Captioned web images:
|---|

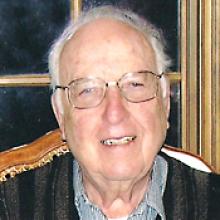 ALEXANDER PETER PUTTAERT  Obituary pic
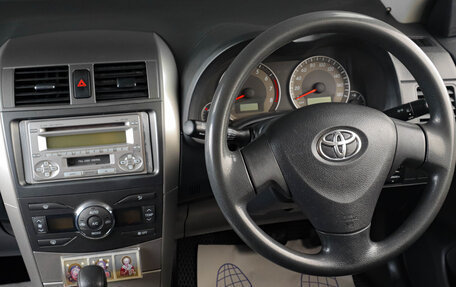 Toyota Corolla, 2008 год, 879 000 рублей, 12 фотография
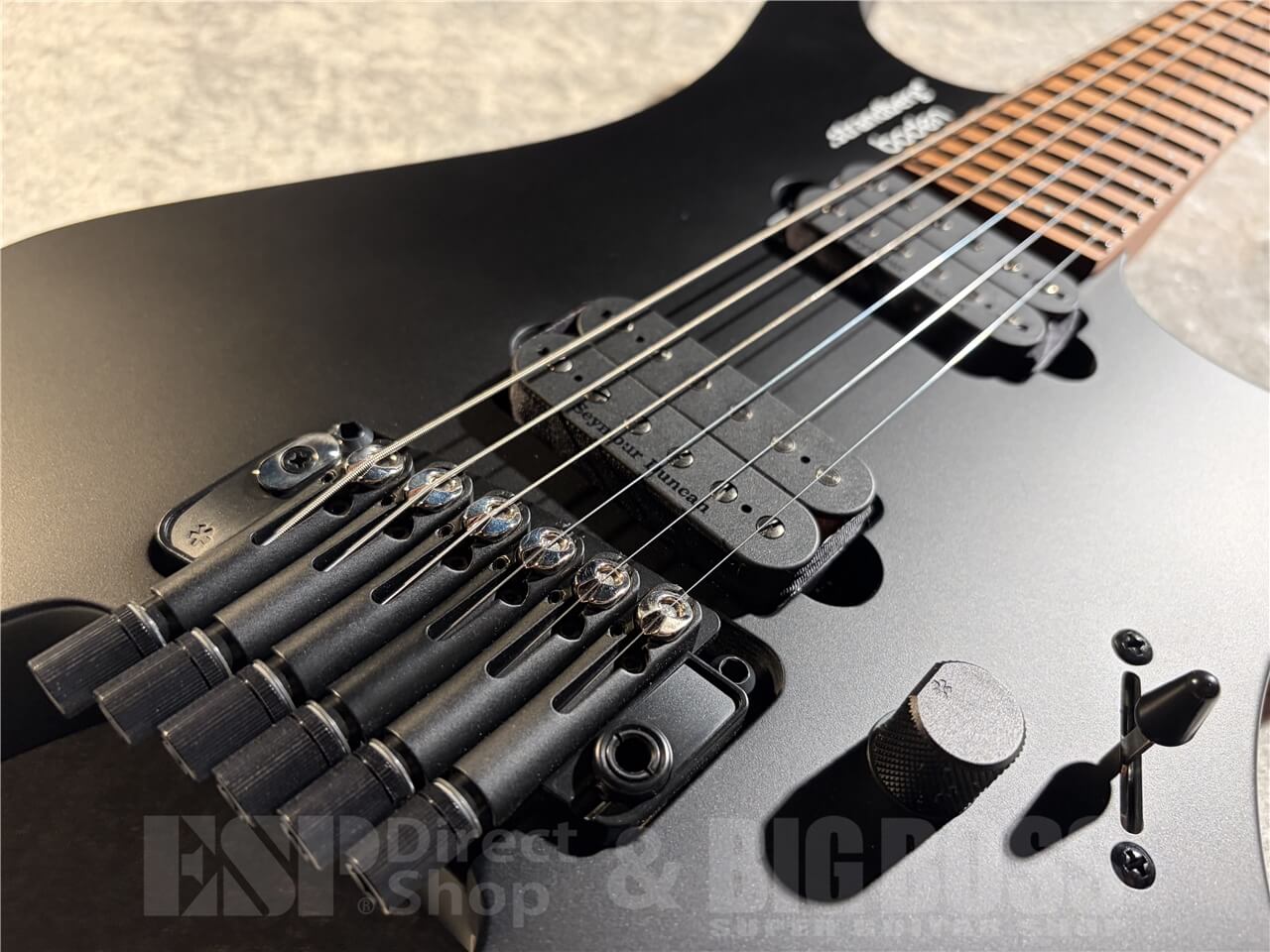 【即納可能】strandberg(ストランドバーグ) Boden Standard N2.6 (Black Satin Metallic) 札幌店 - 3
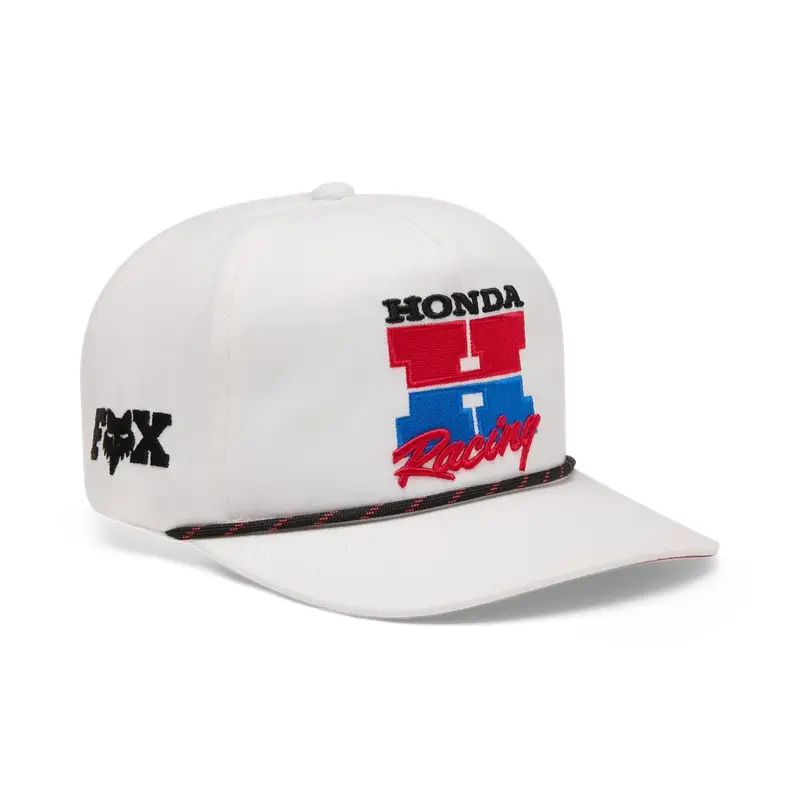 Cappello Honda Snapback Panna Taglia Unica - image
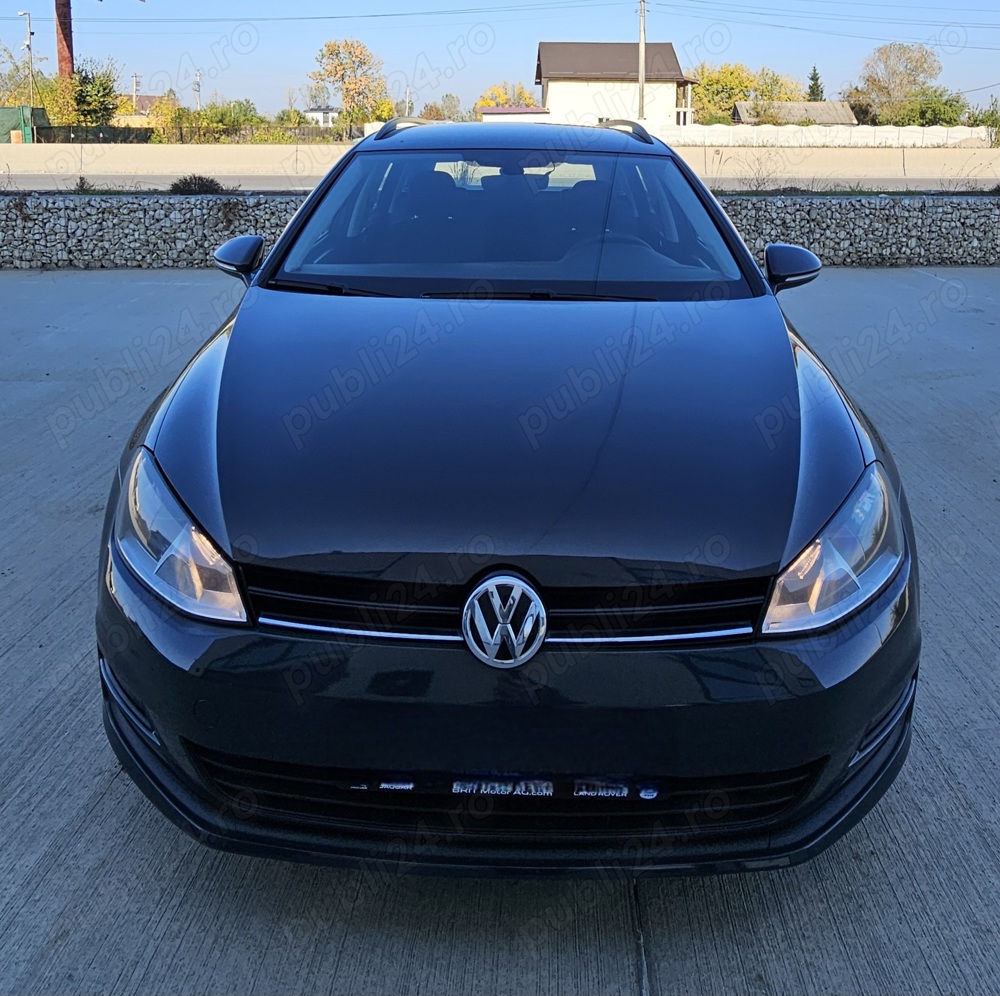 Volkswagen Golf 1.6 Blue TDI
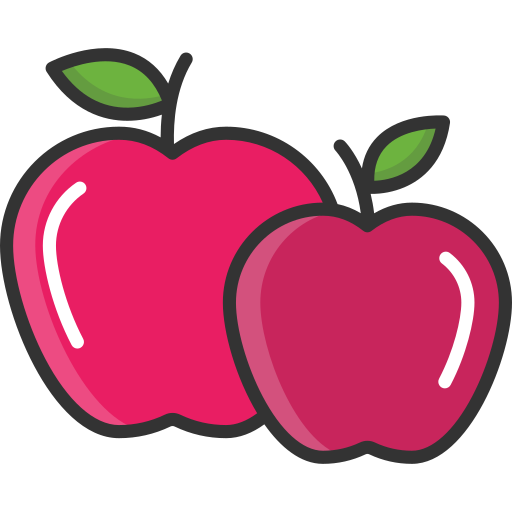 manzana icono gratis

|---|

Leave out the pictures and give the rest of the records again exactly.

 ALEXANDER PETER PUTTAERT  Obituary pic
 Toyota Corolla, 2008 год, 879 000 рублей, 12 фотография
 【即納可能】strandberg(ストランドバーグ) Boden Standard N2.6 (Black Satin Metallic) 札幌店 - 3
 Cappello Honda Snapback Panna Taglia Unica - image
 Volkswagen Golf 1.6 Blue TDI
 manzana icono gratis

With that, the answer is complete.